The Centers for Disease Control and Prevention estimates that 3.2 million Americans are living with chronic hepatitis C. Hepatitis C is a contagious disease that infects the liver and causes inflammation, preventing the liver from properly functioning. Hepatitis can cause mild illness or can cause lifelong disease and serious complications. Options are available to treat hepatitis C.
Options for Treatment
An individual with a diagnosis of hepatitis C does not automatically need to be treated. These individuals do not have significant liver abnormalities resulting from the hepatitis C virus and can have routine blood tests to closely monitor for declining liver function. Other individuals will need to be treated with a combination of the antiviral medications alpha interferon and ribavirin. If an individual's liver has been severely damaged by hepatitis C, a liver transplant may be necessary.
Combination Therapy
Alpha interferon is an antiviral drug used to normalize liver function tests, improve liver inflammation and reduce the replication of the virus. Ribavirin is an antiviral drug that when used alone is not effective in treating hepatitis C, but when combined with alpha interferon, the success rate of treatment increases. Combination therapy with both medications is the recommended treatment for hepatitis C.

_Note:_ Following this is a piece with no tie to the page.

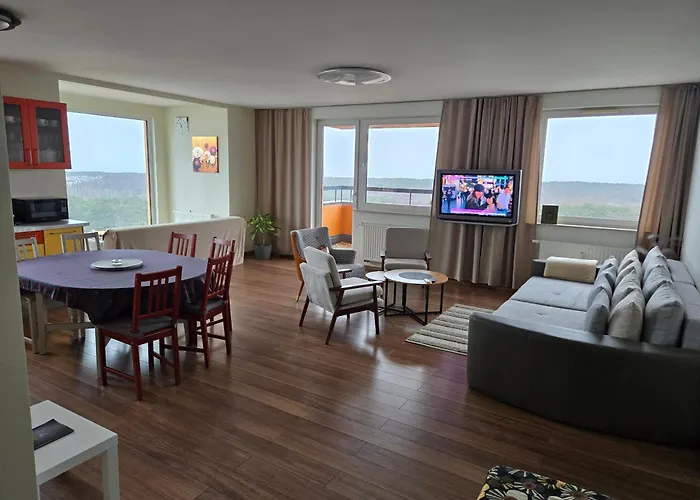 Horyzont Apartmán *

According to the National Digestive Disease Information Clearinghouse (NDDIC), combination therapy leads to rapid improvement in 70 percent of patients. Long-term improvement occurs when the hepatitis C virus RNA cannot be detected during and after treatment; however, some individuals treated with combination therapy who were negative at the end of treatment will have recurrences. The NDDIC estimates that 55 percent will have a sustained response to treatment with both medications as opposed to 35 percent who were treated with only interferon. Alpha interferon should only be used as monotherapy when certain contraindications prevent ribavirin from being used.
Doses/Duration
Standard interferon must be given several times a week and causes levels of the medication to fluctuate in the body. Peginterferon has replaced standard interferon and according to the NDDIC, is given once a week by injection, which provides a constant level in the blood. Ribavirin is given twice a day and is taken orally. The dose of ribavirin is based on body weight. Treatment for 48 weeks is recommended for individuals being treated with peginterferon only. Combination treatment is used for 24 to 48 weeks.
Side Effects
As with any medication, there are side effects of ribavirin and peginterferon. Common side effects of peginterferon include fatigue, muscle cramps, headache, nausea, vomiting, fever, irritability, depression and weight loss. These side effects are not life-threatening, can be managed and may go away as treatment progresses. Ribavirin can cause anemia, fatigue, irritability, rash and cough. Ribavirin should not be used in individuals with a history of anemia, coronary disease or vascular disease because deaths from heart attacks and strokes have been reported.
Liver Transplant
Individuals with severe liver damage may require a liver transplant. An individual may receive a liver from a deceased individual or from a living donor. A transplant does not cure hepatitis C and treatment with antiviral medications continues after the transplant because hepatitis C is likely to recur.